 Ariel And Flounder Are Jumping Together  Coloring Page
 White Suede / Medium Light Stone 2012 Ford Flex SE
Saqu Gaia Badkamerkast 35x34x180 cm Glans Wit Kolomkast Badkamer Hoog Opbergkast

==

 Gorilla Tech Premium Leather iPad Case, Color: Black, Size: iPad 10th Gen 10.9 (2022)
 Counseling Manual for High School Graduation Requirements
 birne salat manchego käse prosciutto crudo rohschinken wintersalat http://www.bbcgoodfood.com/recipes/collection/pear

Task brief: In the entries above, find the line holding "Ariel And Flounder" and the line holding "Saqu Gaia Badkamerkast"; print both of them and every line between, exactly, and nothing else.

Response:
 Ariel And Flounder Are Jumping Together  Coloring Page
 White Suede / Medium Light Stone 2012 Ford Flex SE
Saqu Gaia Badkamerkast 35x34x180 cm Glans Wit Kolomkast Badkamer Hoog Opbergkast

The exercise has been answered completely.